ISLAMABAD.: Foreign Minister Shah Mehmood Qureshi on Sunday arrived in Colombo to extend a formal invitation to the newly-elected Sri Lankan president to visit Pakistan on behalf of President Arif Alvi and Prime Minister Imran Khan, officials here said.
“Qureshi will not only meet his Sri Lankan counterpart but also call on President Gotabaya Rajapaksa and Prime Minister Mahinda Rajapaksa today (Monday),” officials added.
Although, a statement issued by the Foreign Office did not say, but The Express Tribune has learnt through diplomatic sources that the main purpose of Qureshi’s visit was to extend a formal invitation to the Sri Lankan president to visit Islamabad.

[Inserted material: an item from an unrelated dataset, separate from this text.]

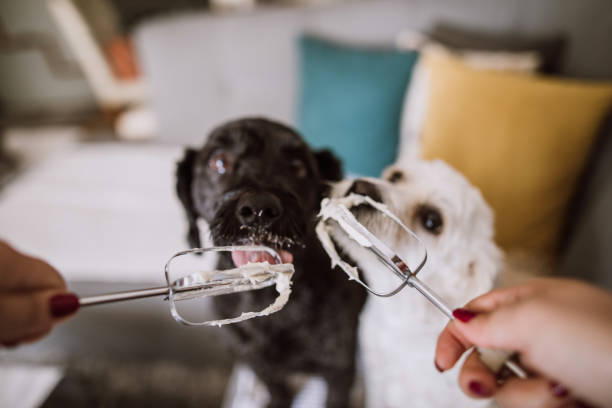 istock Hungry Dogs Licking Electric Mixer Wire 1126516814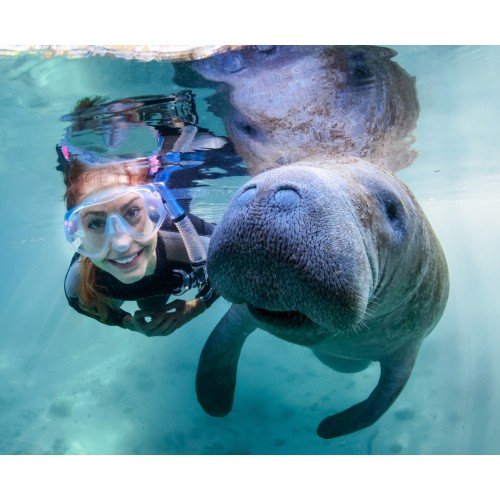 Half Day Manatee Snorkelling Adventure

Gotabaya was the former Sri Lankan defence secretary and considered close to Pakistan because as any army officer, he was trained in Pakistan. Also as defence secretary, he oversaw the end of 26-year-long Tamil militancy a few years ago. Pakistan was instrumental in helping Sri Lanka to defeat Tamils.
Gotabaya’s victory was seen as a blow to Indian and western countries which were backing his political rival Sajith Premadasa to win the polls. The reason India was upset with Rajapaksa’s victory was that he was pro-China and close to Pakistan.

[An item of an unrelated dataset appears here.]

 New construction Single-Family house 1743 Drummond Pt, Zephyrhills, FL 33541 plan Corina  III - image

In 2015, Gotabaya’s brother Mahinda Rajapaksa accused Indian RAW and certain western powers of defeating him in the presidential elections. Mahinda remained Sri Lankan president from 2005 to 2015. He now returned to power but as the prime minister, meaning Rajapaksa’s family took full control.
Sensing the situation, India is now trying to mend fences with the Rajapaksa family. The day Gotabaya won the polls, India dispatched its foreign minister to Sri Lanka to invite the new president. Last week, Gotabaya visited New Delhi and met Prime Minister Narendra Modi.

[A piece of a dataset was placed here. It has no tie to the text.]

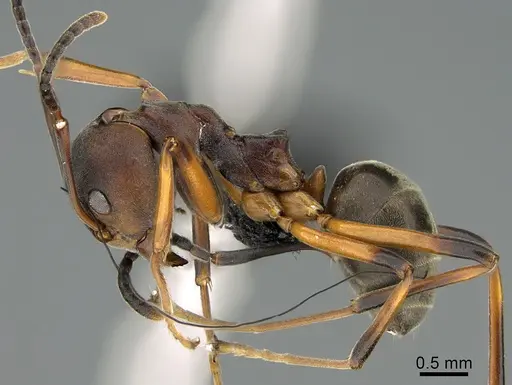 Dolichoderus erectilobus specimen CASENT0009957 image casent0009957_1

In an interview with the Indian newspaper, Gotabaya said the main concern of India was his close ties with China and Pakistan. He, however, added that India “need not to worry about his relationship with Beijing and Islamabad”.
Diplomatic sources said the Modi government announced certain investment projects in Sri Lanka in an effort to woo the new president.
Observers, however, were of the view that Modi’s belated overtures were unlikely to make any difference since the trust deficit between the Rajapaksa family and India was not going to be bridged so soon.
For Pakistan, Gotabaya’s election is a positive development since the previous government was pro-India.
Meanwhile, Foreign Minister Qureshi, soon after arriving in Colombo, told reporters that he came here with a special message from the Pakistani president and PM for the Sri Lankan leadership.
He said he would deliver letters written by the Pakistani president and the PM for their Sri Lankan counterpart.
Although, he did not say but the letters were carrying formal invitation to the Sri Lankan president to visit Pakistan.
Earlier, a statement issued by the Foreign Office said, “Pakistan and Sri Lanka enjoy close, cordial ties based on mutual trust and understanding.
“The bilateral relationship is broad-based and multifaceted, covering diverse fields, including political, trade, commercial, defence, people-to-people contacts, and cultural exchanges. High-level visits are a regular feature of Pakistan-Sri Lanka relations.”